Перед смертью отца отношения между родителями были натянутые. Естественно, это отражалось и на мне. Последние два года  родители жили в одной квартире, но в разных комнатах. А я между ними. Мать с утра до ночи работала в швейной мастерской, да еще заказы на дом брала. Отец работал тоже допоздна. Старший брат женился и жил отдельно. А я был предоставлен сам себе и практически воспитывался на улице.

Сколько себя помню, всегда стремился к справедливости и любил животных. Таскал домой бездомных котят и щенят, чем зачастую вызывал недовольство родителей. Не любил, когда над кем-то издевались или унижали. С другой стороны, был прирожденным лидером. Вокруг меня собирались сверстники из ближайших дворов и улиц, признававшие во мне командира. Ходили в лес, на реку, лазили по стройкам и чужим садам, дрались с соседскими ребятишками.

В то время в конце пятидесятых – начале шестидесятых годов большинство уличных конфликтов решались, как правило, с позиции силы, воевали дворами, улицами и даже районами, бились толпа на толпу, дрались стенка на стенку. Вот в такой атмосфере, когда приходилось утверждать себя в основном кулаками, я жил и воспитывался. Сам задирался не так часто, но если дело доходило до драки, старался быть впереди.

Смерть отца отразилась на мне отрицательно. Мать и до этого не могла на меня серьезно влиять, а после того, как отца не стало, я стал вообще неуправляемым, чуть что не по мне – убегал из дому на несколько дней, а то и недель.

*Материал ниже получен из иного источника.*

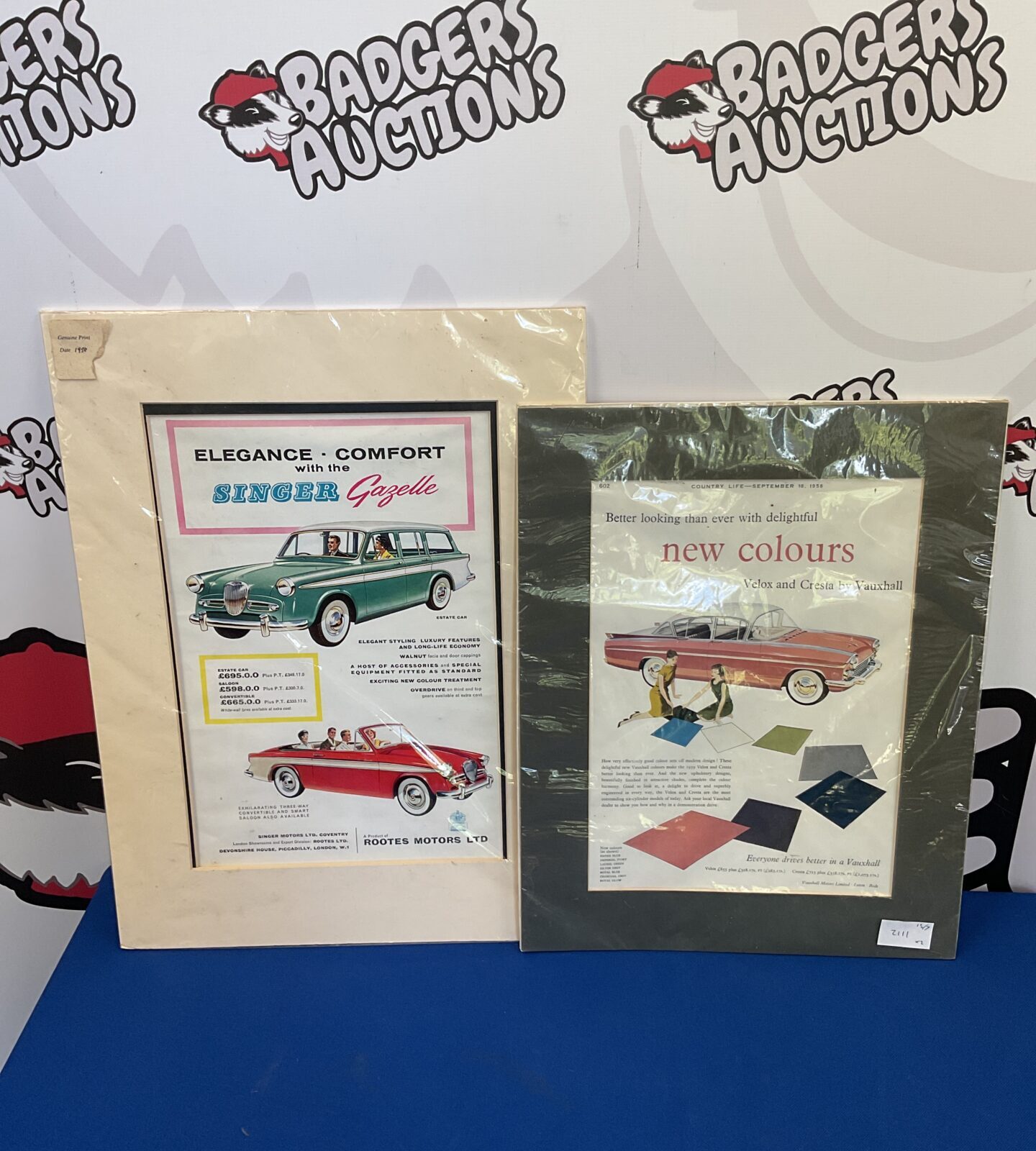 1950s singer gazette & vauxhall velox & cresta advertising prints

Учился в 30-й восьмилетней школе, которая находилась в центре города, рядом с площадью Ленина. Сейчас на этом месте стоит здание Хабаровской краевой администрации. С горем пополам перешел в восьмой класс, а потом и вовсе стал приходить на уроки как вольный слушатель, по настроению и без учебников. Когда окончил восьмилетку, а точнее, меня оттуда вытолкали, то в девятый класс не захотели принимать нигде, так как в соседних школах уже обо мне были наслышаны.

Чтобы от меня избавиться, завуч ближайшей 34-й средней школы (куда перешли почти все мои бывшие одноклассники) дала мне направление в 22-е училище, в группу по ремонту автомобилей. Пошел я туда без охоты, но, ознакомившись с обстановкой, почувствовал себя в своей стихии. В этом ГПТУ учились в основном  местные. Иногородние, как правило, не приживались. Когда я туда пришел, то увидел много знакомых ребят, которые жили в разных районах города и имели там авторитет. Это повлияло на мое решение. У нас сложилась сильная команда, мое первенство признали почти все.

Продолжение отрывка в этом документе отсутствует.